Kinder nehmen den Klimawandel oft als etwas sehr Komplexes wahr, das ausschließlich negative Auswirkungen hat und Spaßverderber für viele Aktivitäten ist. Um dem entgegenzuwirken, hat die Verbraucherzentrale Nachhaltigkeits-Apps getestet, die darauf abzielen, Kindern und Jugendlichen den Klimaschutz und das Thema Nachhaltigkeit spielerisch näherzubringen. Diese Apps nutzen unterhaltsame Elemente, um junge Menschen für wichtige Umweltthemen zu sensibilisieren und sie dazu zu ermutigen, aktiv zum Schutz des Planeten beizutragen. Indem sie Lernen mit Spaß verbinden, können diese digitalen Werkzeuge helfen, ein Bewusstsein für nachhaltiges Handeln zu schaffen und die nächste Generation auf die Herausforderungen des Klimawandels vorzubereiten.

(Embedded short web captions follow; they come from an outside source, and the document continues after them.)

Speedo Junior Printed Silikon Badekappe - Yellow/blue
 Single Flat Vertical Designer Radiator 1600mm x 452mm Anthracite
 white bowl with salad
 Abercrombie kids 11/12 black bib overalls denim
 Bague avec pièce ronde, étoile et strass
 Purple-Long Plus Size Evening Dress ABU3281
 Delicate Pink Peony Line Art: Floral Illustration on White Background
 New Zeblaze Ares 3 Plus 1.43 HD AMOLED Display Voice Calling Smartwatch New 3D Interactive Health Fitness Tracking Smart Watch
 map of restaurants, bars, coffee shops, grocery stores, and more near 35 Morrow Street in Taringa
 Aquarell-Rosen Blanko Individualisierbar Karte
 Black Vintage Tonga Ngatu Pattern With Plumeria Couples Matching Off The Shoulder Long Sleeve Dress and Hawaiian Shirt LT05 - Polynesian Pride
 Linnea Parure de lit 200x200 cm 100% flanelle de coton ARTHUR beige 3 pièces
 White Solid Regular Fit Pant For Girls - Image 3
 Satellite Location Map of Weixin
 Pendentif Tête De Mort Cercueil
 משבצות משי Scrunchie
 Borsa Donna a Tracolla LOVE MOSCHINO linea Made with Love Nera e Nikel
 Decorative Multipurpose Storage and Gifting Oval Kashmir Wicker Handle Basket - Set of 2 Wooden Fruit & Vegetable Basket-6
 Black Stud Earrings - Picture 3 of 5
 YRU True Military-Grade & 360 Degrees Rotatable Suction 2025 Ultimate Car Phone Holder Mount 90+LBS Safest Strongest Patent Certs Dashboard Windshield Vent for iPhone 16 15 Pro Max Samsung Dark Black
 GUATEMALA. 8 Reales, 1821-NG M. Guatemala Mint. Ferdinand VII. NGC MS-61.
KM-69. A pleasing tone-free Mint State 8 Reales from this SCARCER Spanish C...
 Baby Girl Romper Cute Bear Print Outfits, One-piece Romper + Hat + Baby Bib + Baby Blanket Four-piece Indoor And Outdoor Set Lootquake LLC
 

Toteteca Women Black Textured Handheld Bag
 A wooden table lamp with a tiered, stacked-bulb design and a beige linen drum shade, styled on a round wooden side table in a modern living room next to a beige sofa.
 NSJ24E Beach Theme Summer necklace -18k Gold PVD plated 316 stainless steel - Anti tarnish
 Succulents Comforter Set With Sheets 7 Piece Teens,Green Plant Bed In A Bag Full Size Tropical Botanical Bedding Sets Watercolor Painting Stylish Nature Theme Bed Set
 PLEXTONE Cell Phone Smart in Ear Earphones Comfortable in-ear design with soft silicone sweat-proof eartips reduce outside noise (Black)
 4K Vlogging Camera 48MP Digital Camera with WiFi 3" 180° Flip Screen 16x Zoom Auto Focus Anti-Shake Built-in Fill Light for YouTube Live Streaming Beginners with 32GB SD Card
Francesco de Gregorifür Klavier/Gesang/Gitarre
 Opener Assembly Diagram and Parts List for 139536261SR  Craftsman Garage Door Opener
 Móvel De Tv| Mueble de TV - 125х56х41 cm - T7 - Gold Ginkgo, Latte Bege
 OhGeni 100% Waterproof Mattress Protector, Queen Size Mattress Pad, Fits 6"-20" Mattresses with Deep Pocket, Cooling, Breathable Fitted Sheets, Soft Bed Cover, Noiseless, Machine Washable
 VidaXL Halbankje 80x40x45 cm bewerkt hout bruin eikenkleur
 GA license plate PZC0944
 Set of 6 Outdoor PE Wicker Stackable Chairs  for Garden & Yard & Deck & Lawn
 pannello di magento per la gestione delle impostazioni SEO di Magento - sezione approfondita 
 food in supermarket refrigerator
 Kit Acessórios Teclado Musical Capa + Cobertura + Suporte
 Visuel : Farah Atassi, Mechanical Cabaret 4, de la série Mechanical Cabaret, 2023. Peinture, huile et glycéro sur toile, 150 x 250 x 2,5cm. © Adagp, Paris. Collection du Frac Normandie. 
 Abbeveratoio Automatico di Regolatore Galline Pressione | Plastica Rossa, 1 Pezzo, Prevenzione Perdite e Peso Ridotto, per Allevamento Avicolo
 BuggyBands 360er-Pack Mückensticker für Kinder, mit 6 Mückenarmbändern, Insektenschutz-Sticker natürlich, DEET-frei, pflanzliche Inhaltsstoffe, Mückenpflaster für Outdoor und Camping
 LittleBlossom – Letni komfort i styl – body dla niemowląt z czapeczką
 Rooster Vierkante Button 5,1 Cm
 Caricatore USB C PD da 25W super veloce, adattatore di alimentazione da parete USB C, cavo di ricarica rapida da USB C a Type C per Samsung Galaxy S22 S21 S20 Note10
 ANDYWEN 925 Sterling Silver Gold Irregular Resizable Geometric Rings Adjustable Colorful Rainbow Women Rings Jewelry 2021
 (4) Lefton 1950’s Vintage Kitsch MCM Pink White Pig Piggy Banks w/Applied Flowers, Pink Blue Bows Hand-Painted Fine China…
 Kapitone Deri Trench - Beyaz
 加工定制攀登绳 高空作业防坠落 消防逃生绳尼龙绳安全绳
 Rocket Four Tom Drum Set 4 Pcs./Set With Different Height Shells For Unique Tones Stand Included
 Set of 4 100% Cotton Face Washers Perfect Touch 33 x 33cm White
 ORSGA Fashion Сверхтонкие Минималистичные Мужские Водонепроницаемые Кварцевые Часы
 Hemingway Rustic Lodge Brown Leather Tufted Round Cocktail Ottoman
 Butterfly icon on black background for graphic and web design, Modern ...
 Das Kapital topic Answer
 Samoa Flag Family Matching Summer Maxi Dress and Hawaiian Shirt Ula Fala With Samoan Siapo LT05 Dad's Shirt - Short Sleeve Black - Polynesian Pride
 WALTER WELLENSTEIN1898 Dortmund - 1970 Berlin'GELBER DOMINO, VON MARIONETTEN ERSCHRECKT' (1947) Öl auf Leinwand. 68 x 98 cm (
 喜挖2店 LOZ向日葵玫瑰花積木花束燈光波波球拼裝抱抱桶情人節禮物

Doch wie praktisch sind die Apps wirklich?
Spielerisch Mülltrennung lernen ab vier Jahren
Die App „Konrads Kompost“ von der „Stiftung Kinder forschen“ richtet sich an Kinder im Kita- und Grundschulalter und versucht, das Thema Nachhaltigkeit spielerisch in ihren Alltag zu integrieren. In der App begleiten die jungen Nutzer Konrad und seine Freunde dabei, einen großen Schnitzkürbis auf ihrem Komposthaufen zu züchten. Dabei müssen sie lernen, wie man für guten Boden, Feuchtigkeit und Schädlingsschutz sorgt. Die Kinder bewerten dafür verschiedene Abfallarten als kompostierbar, recycelbar oder Hausmüll – falsche Entscheidungen führen zu Punkteabzug.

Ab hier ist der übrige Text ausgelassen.